The visit is usually conducted by the trial coordinator or often a monitor on behalf of the sponsor. Essentially their aim will be to work with the sites to ensure that the site’s planned operational procedures fits with the requirements of the protocol and will ensure accurate data as well as safe and ethical conduct of the trial.

The initiation visit is held once sites have had their regulatory and Ethics approval in place and after all the essential documents have been retrieved for the site and sponsor files.

There are a number of items that may be discussed at this visit:

- Study protocol (study objectives, purpose, endpoints)
- Reporting AEs and SAEs
- Investigational drugs (storage, dispensing, destruction, accountability) or any procedures necessary for other types of intervention
- Inclusion/Exclusion criteria of protocol
- Patient Enrolment (including withdrawal criteria)
- Case record form completion and error correction
- Protocol compliance and deviation issues
- Quality management

In some cases, the sponsor may decide to waive the initiation visit either in particular sites or overall across the study.
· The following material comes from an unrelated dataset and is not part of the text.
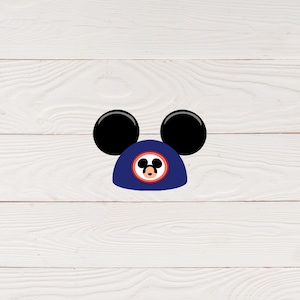 May include: A blue and red Mickey Mouse head silhouette with black ears. The silhouette is on a white wood background.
For instance where the sites have been used for a similar study previously, for simpler studies where the study procedures are straight forward and easy to follow or where the sponsor has decided that the investigator meeting will also act as the initiation visit.
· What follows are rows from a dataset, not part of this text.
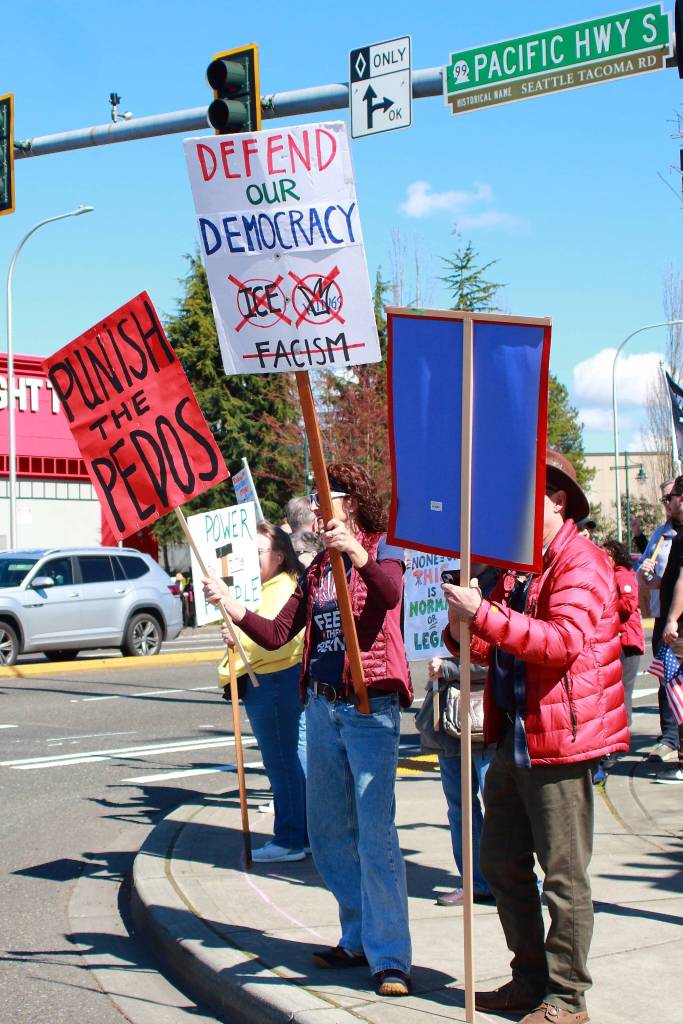 A sign makes a reference to the lack of arrests related to the Epstein files in the U.S. along with a call to defend U.S. democracy at the No Kings protest in Federal Way on March 28. Photo by Keelin Everly-Lang / the Mirror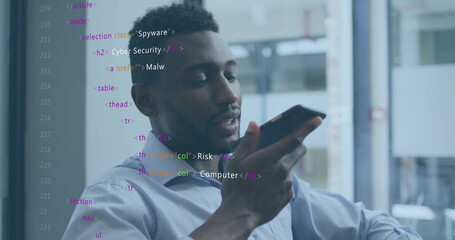 Image of data processing over african american businessman talking on smartphone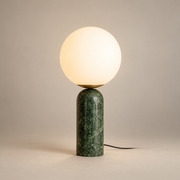 Atlas Marble Globe Table Lamp on a warm greige background; Green marble base opal glass globe on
Where this occurs, it should be made clear and documented in the study files what training has occurred to replace the initiation visit.

Preparing for the Initiation Visit

- A meeting room should be available
- A site checklist is used by the monitor or trial coordinator to ensure that all items have been covered during the initiation visit.
- The monitor should check that all regulatory documents have been retrieved prior to the meeting. It is possible to retrieve the last of the documents at the initiation visit provided the site has confirmed that they have these documents at site for collection.
- All trial staff should also be available at the visit. This includes the principal and sub investigators, study coordinators; pharmacist etc. if they can’t be all available at the same time, the monitor could split the visits over several times in the day to meet with all members of the trial team.
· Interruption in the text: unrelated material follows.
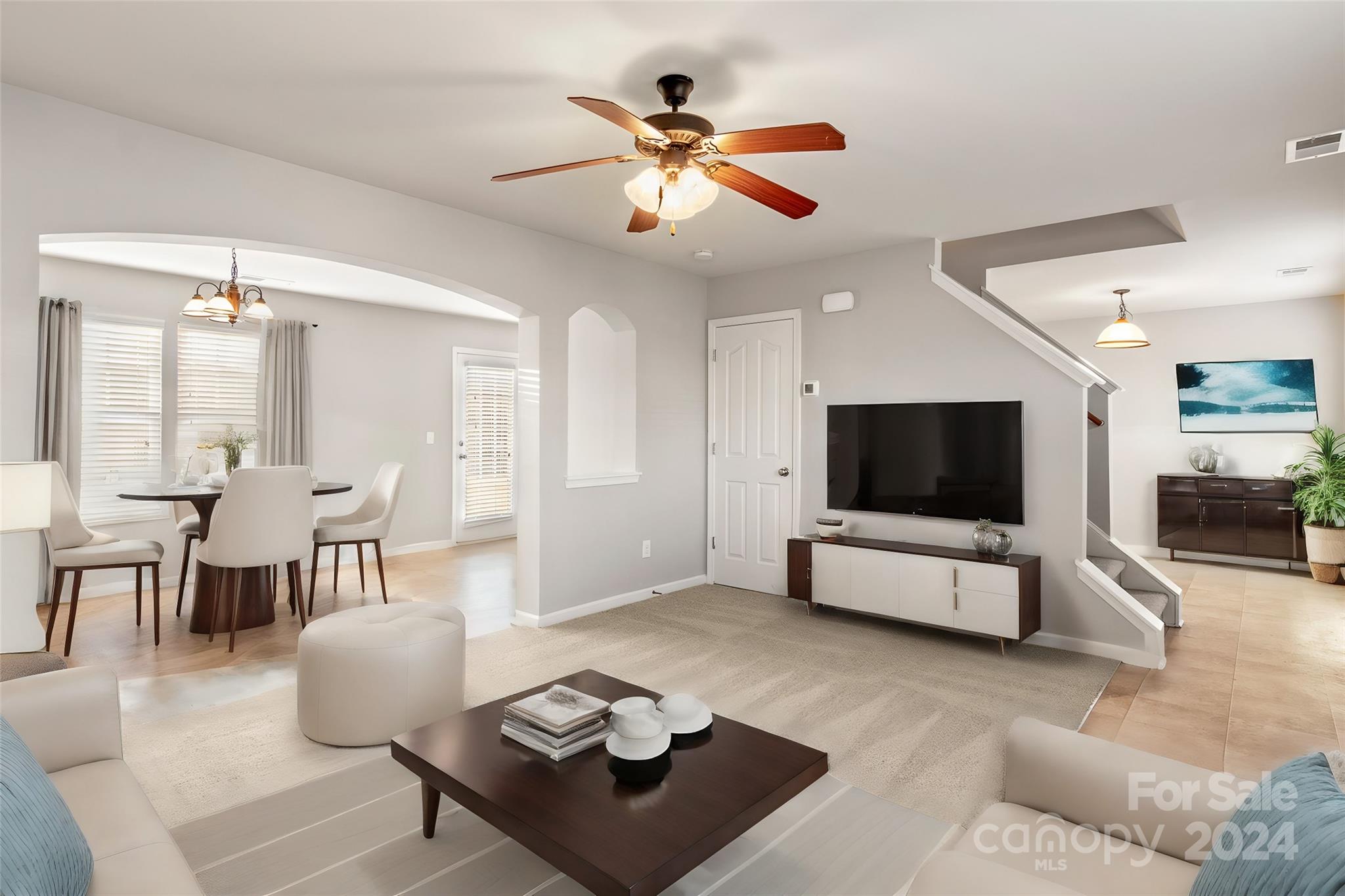 4071 Clover Road Northwest Concord, NC 28027 - Photo 10 of 43 a living room with furniture and a flat screen tv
During the Initiation Visit

A useful technique for planning an initiation visit is the ‘trial walk-through’. Here those in the meeting work through the whole study from (usually) the perspective on a participant. This helps see how the trial will run on the ground logistically and enable any potential glitches to be identified. For example working through the process for a vaccine trial might work as follows;

1. Community engagement in the study areas to explain the planned trial with community leaders and then the whole community
2. Mothers present at clinic and are approach as a group to explain the trial
3. One to one consent discussions with each mother with a study nurse
4. Consent taking by clinical officer
5. History of child taken and blood sample
6. Sample labelled and prepared for cold transportation to laboratory
7. Child vaccinated
8. Mother reminded of follow up visit and contact details of locally based field worker
9. Samples transported back to lab within 3 hours
10. Samples received and processed in trial lab
11. Any abnormal lab results reported by to investigators
12. Follow up visit one
13. Adverse event reported and child needing treatment
14. Child late to next follow up visit and needing finding in community
15. Next follow up visit completed
16. Child ends trial

Going through the whole trial journey from the participant’s perspective enables many of the potential outcomes to be thought about beforehand and therefore enables the staff team to be prepared.

Generally a trial initiation visit should cover the following;

- All aspects of the study should be discussed as mentioned above but also to include lab sample collections, method of randomisation (where necessary), advertising and any other matter that needs clarification.
- Where the study medication is already on site, the monitor will check that it is stored correctly and plans for dispensing have been agreed by the PI and Pharmacist.
- Ensure that all participants have completed the site personnel log.
- Check that sites have sufficient study materials such as CRFs (where necessary) lab kits and any other study specific kits for sites to start recruiting.
- Discuss the site arrangements for archiving the study documents at the end of the study.
- Retrieve the site contact details and establish the frequency of monitoring visits.
- Retrieve any last bit of documentation (where applicable).

Post Initiation Visit
- The monitor will complete the initiation report and file a copy of the report in the site file.
- Any actions from the meeting will also be addressed and a follow-up letter forwarded the site to clarify any questions that were raised at the meeting.